While they both knew there was a business in their future somewhere, they embarked on their professional careers. For Mark that involved marketing premium brands, including BMW and Land Rover, which led to the couple spending four years in the UK and Munich, Germany.
Tracey completed a fast-track management programme at ASB and was a branch manager, before working as management consultant for both PwC in the UK and, upon their return to New Zealand, Ernst & Young.
She agrees they’re both “a bit left-field” for the chocolate business.
Today Tracey is working on global business transformation for clothing manufacturer Icebreaker, which, she believes, is a “great New Zealand company” that shares numerous synergies with her chocolate business.
“Right now I’m having a portfolio career,” she explains. “I use my skills and experience across a number of areas in an equal way, including my work on the board of the UpsideDowns Education Trust.”
Mark currently holds a full-time GM sales and marketing role, but is Tracey’s main supporter for The Remarkable Chocolate Company.
Finding the passion
Tracey and Mark toyed with business ideas over the years. With their high-energy ‘get things done’ attitude it was only a matter of time before they finally settled on chocolate. It was a low-barrier entry business and, more importantly, where their true passion lay.

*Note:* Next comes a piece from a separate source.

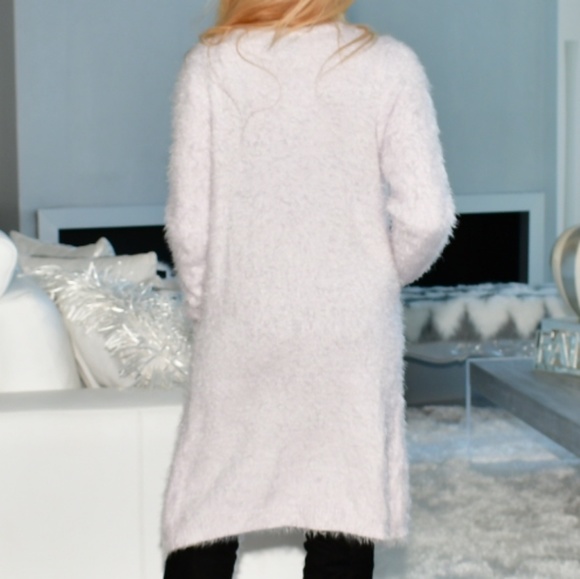 LAVENDAR Fuzzy KNIT Cardigan - Picture 3 of 4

“Working with a premium gourmet product is something we love doing,” says Tracey. “We both love food, so it was really a head and heart decision to go with chocolate; a case of what can we do, and add value to.”
It also helped that Tracey’s always been a proficient baker and cook. Food’s been a big part of her life. Her father was a restaurateur and entrepreneur for 26 years, and brought Pizza Hut to New Zealand. So from age 12 to 23 Tracey experienced all aspects of business operations.
“During my school and university holidays, if someone was away, I’d fill in for them,” she recalls. “Dad set very high standards; I saw first-hand what hard work was.”
Hard work lay ahead for Tracey and Mark too, and that work ethic’s being handed on to their three children (aged nine, 12 and 14).
Tracey hired a commercial kitchen in Onehunga in the weekends, and began creating bespoke moulds, recipes and packaging. “Our friends were very well fed for a long time,” laughs Tracey.
Following years of R&D – or “folly” as Tracey jokingly describes it – 2013 saw the final products emerge and initial sales made at the Hobsonville and Parnell Markets.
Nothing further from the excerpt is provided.